As a result of interactions with different stakeholders in classic organizations, I realized there was a need for a more holistic view of big data analytics' impact across classic organizations, and also the impact of high-performance computing techniques on legacy data mining. Whether you are an executive, manager, data scientist, analyst, sales or IT staff, the holistic and broad overview provided in the book will help in grasping the important topics in big data analytics and its potential impact in your organizations.

Friday, September 19, 2014

Data Mining, Data Science, and Machine Learning (3)

See the book site for "High-Performance Data Mining and Big Data Analytics: The Story of Insight from Big Data" (http://bigdataminingbook.info )

Experiences on building Data Science Teams

By education, I was trained in Intelligent Systems focusing on Machine Learning and Pattern Recognition. Consequently, for some of us who have spent our entire career in developing and promoting data mining science, machine learning/pattern recognition, and analytics, "data science" is nothing but a new term. As mentioned, in essence it is the same as data mining science, with a few twists. There is no doubt that the popularity of the term has been directly related to the attention big data analytics has received in recent years, especially due to the success of big web companies. Popularity of these companies has finally brought the importance of analytics to the attention of masses.

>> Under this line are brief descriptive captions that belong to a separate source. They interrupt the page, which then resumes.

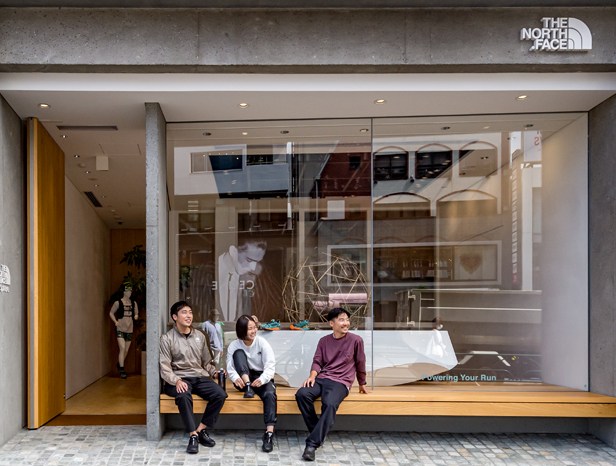 Three people sitting on wooden bench outside The North Face store window display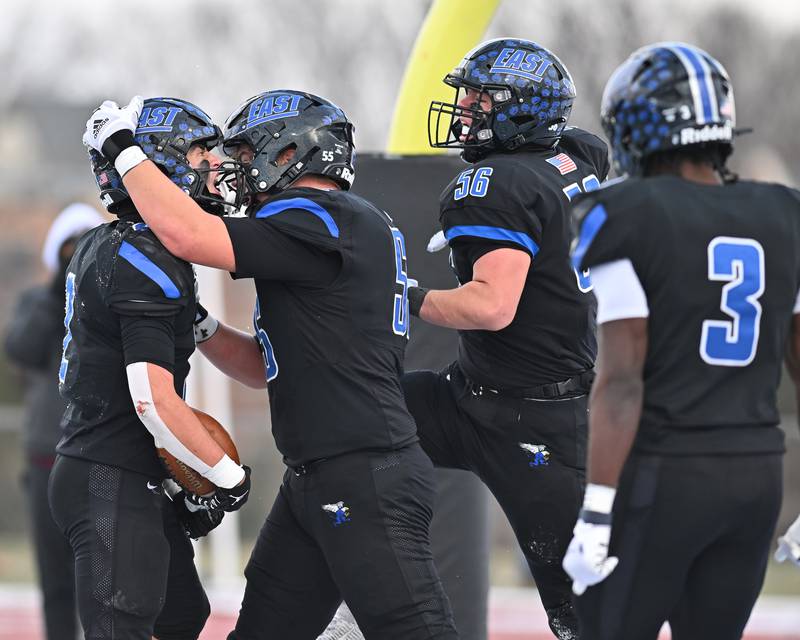 Lincoln-Way East's James Kwiecinski (2) celebrates with teammates after scoring a touchdown during the IHSA Class 8A Semifinals on Saturday, November. 19, 2022, at Frankfort.
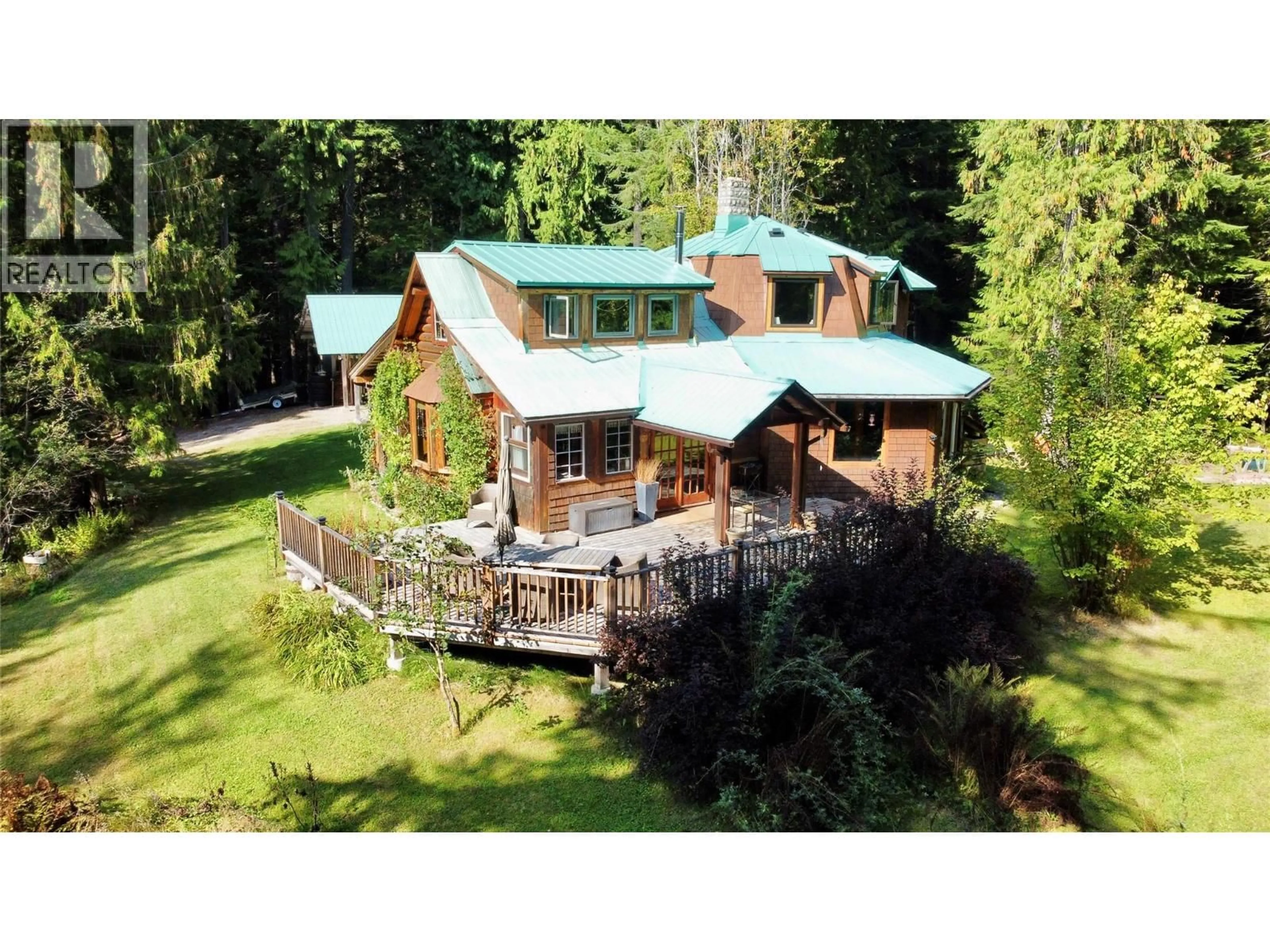 A pic from outside/outdoor area/front of a property/back of a property/a pic from drone, building for 785 BEECH ROAD, Nakusp British Columbia V0G1R1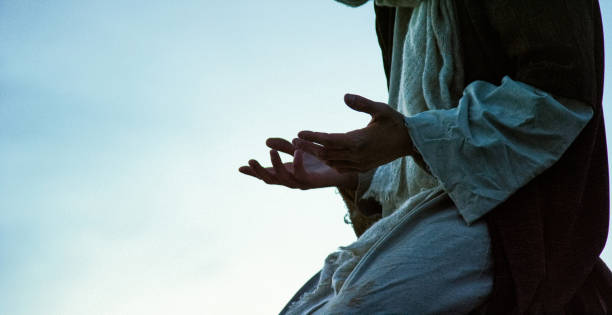 человек, нося традиционный религиозный одежды на коленях и молится с ладонями на открытом воздухе на восходе / закате на открытом воздухе (и - praying men god kneeling стоковые фото и изображения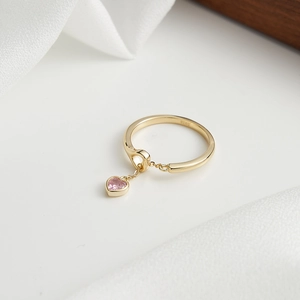Detailed macro of S925 sterling silver ring with a dangling pink heart zircon charm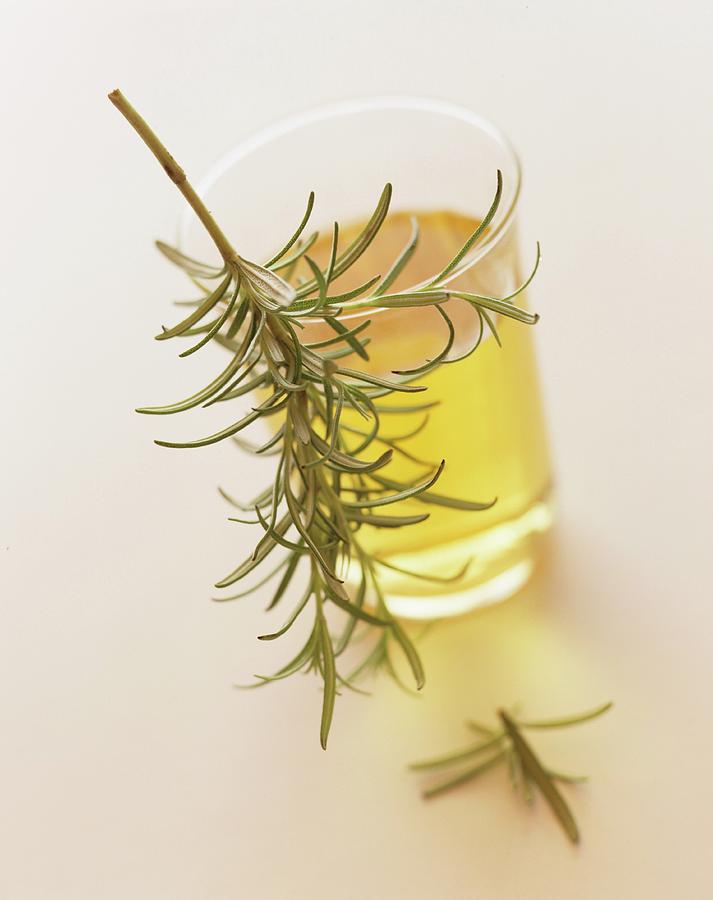 A Small Glass Of Oil With A Sprig Of Rosemary Photograph by Michael Wissing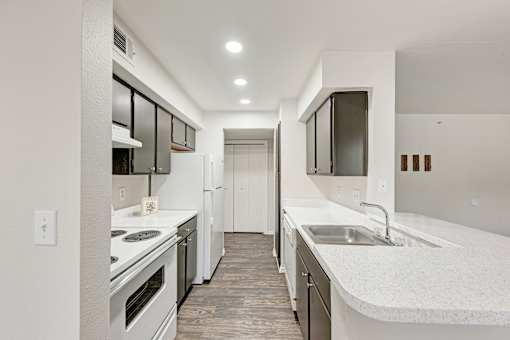 A kitchen with wooden cabinets and white appliances.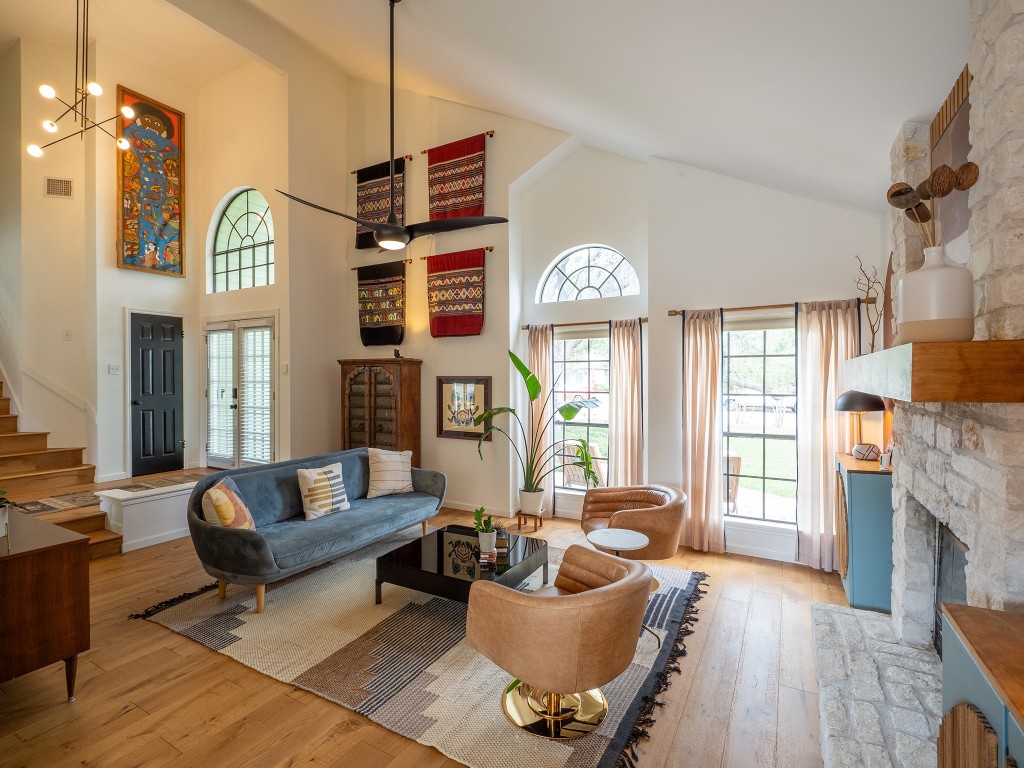 a living room with fireplace furniture and a large window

Prior to this recent wave, these technologies were already an integral part of many things in our lives, without us noticing it.  However, they were never publicized to the scale they are today. The most notable commercial applications of machine learning have been around since late 80's and early 90's; real-time payment card fraud detection, hand-print recognition (US mail, checks, ...), and recommender systems. A startup I worked for called (HNC or HNC Software, acquired by FICO) was the pioneer in the first two. The core of HNC's business from early 90's was to get data from some corporations on their customers and develop intelligent solutions leveraging machine learning and advanced analytics on that data. That was the core value the company would provide and the reason for its valuation. Due to the big data craze and the recent publicity analytics has finally received, today many companies try to do that on any data they can find: public or private. And with the explosion of human and machine-generated data, there is a lot more that can be done.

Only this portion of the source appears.